Begin at the line containing "Garden courtyard with" in the records below, end at the line containing "New jewelry sets", and retype each line in that span exactly. No other line and no image should appear.

DATASET RECORDS Start Marker

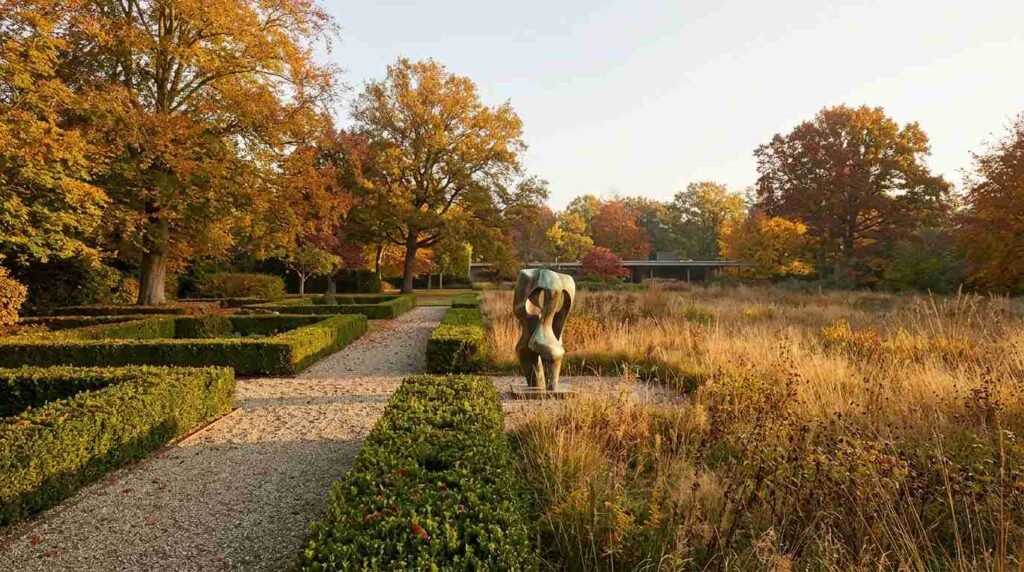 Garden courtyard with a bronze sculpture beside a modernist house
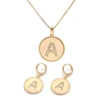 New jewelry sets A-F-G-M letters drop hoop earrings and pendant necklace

DATASET RECORDS End Marker
DATASET RECORDS Start Marker

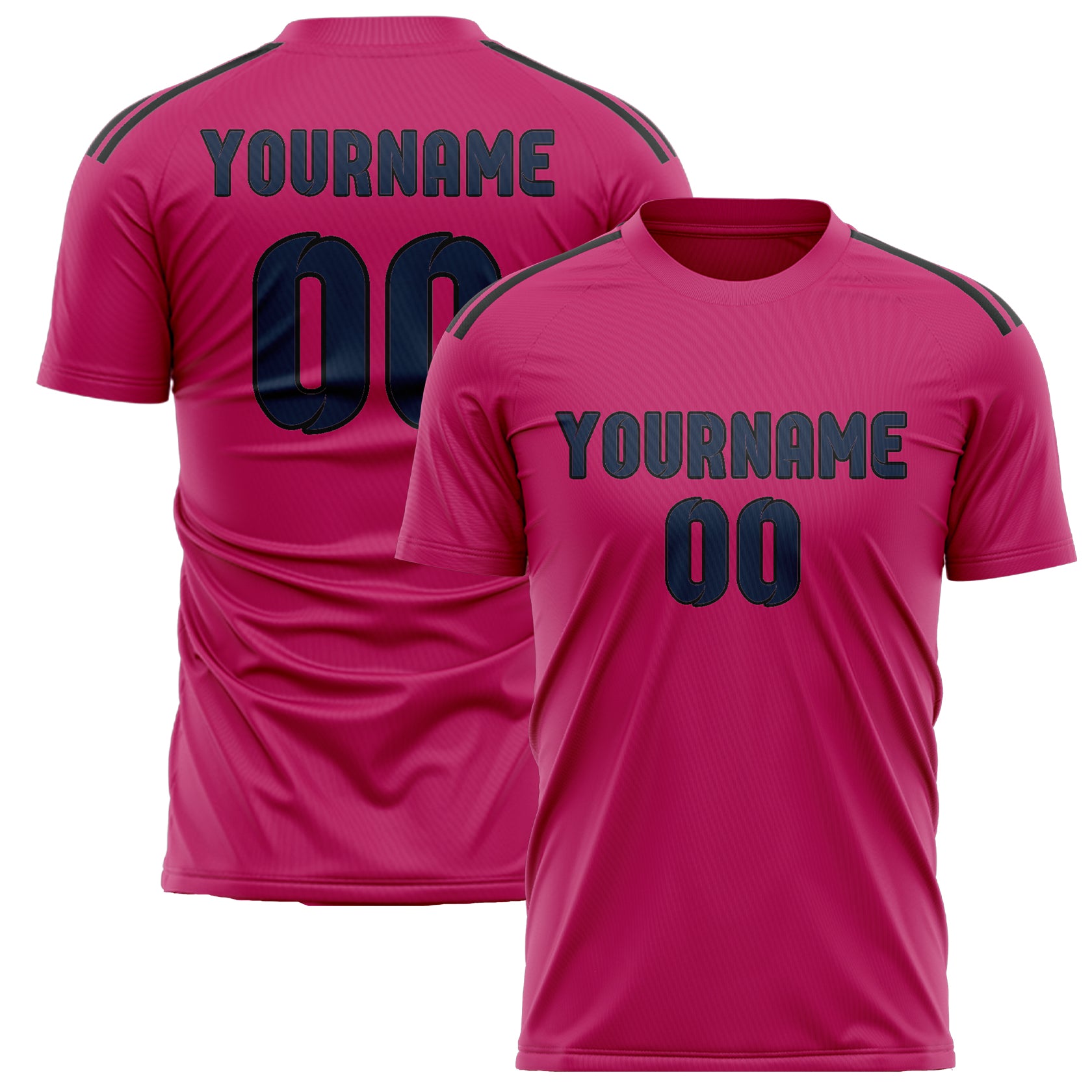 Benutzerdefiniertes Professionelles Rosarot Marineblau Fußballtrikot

DATASET RECORDS End Marker
DATASET RECORDS Start Marker

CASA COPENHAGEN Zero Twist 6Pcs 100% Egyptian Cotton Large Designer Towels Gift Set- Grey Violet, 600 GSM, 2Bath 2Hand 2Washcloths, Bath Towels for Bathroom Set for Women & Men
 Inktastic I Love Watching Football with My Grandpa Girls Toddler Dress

DATASET RECORDS End Marker

* **ANSWER SECTION**:
 Garden courtyard with a bronze sculpture beside a modernist house
 New jewelry sets A-F-G-M letters drop hoop earrings and pendant necklace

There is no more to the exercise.